La boisson, originellement appelée « Iron Brew » (infusion de fer), a été nommée « Irn-Bru » après la Seconde guerre mondiale. Une loi sur les produits de la consommation exigeait que le nom donné aux produits alimentaires reflétât leur contenu. Le citrate d’ammonium ferrique faisait bien partie des ingrédients de cette boisson légendaire, mais il ne s’agissait pas d’une infusion. Iron Brew ou Irn-Bru, la popularité de la marque prospère en Écosse.

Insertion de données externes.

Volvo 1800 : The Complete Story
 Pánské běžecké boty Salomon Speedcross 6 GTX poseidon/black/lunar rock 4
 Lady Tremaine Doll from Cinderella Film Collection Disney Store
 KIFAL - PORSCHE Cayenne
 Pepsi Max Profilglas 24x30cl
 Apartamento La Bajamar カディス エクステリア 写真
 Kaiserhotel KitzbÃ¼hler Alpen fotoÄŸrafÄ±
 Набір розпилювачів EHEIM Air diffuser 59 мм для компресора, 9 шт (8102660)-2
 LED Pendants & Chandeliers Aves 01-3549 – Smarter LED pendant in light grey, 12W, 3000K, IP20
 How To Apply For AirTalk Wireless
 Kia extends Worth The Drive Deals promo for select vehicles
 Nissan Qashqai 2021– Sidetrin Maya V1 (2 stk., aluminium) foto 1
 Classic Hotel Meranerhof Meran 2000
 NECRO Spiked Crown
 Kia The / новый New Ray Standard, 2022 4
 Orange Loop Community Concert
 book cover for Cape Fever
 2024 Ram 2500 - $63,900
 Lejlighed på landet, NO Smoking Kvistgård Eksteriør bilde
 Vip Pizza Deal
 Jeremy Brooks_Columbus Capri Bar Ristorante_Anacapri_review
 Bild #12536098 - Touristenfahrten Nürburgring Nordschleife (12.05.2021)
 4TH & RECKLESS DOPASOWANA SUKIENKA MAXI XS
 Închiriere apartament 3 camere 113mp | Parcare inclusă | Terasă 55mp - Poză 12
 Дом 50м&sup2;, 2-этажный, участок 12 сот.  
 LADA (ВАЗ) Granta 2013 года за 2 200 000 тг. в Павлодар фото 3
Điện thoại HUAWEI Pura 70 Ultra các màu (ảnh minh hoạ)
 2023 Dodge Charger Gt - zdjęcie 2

Connues pour leur humour excentrique et effronté, les campagnes de publicité télévisées Irn-Bru sont aussi célèbres que le monstre du Loch Ness en Écosse. Preuve en est, la marque a obtenu la récompense du « meilleur slogan des 21 dernières années » en 2007. Le slogan en question a marqué les esprits de nombreuses générations « Irn-Bru, boisson nationale fabriquée en Écosse à partir de poutrelles » (« Your other national drink, made in Scotland from girders »). Ses spots publicitaires, aussi bien loufoques que déjantés, sont fidèles aux origines de la boisson. Depuis plus de 120 ans, Irn-Bru a pour vocation d’aider les consommateurs à traverser une journée difficile, qu’il s’agisse d’un dur labeur ou d’un mal de cheveux prononcé.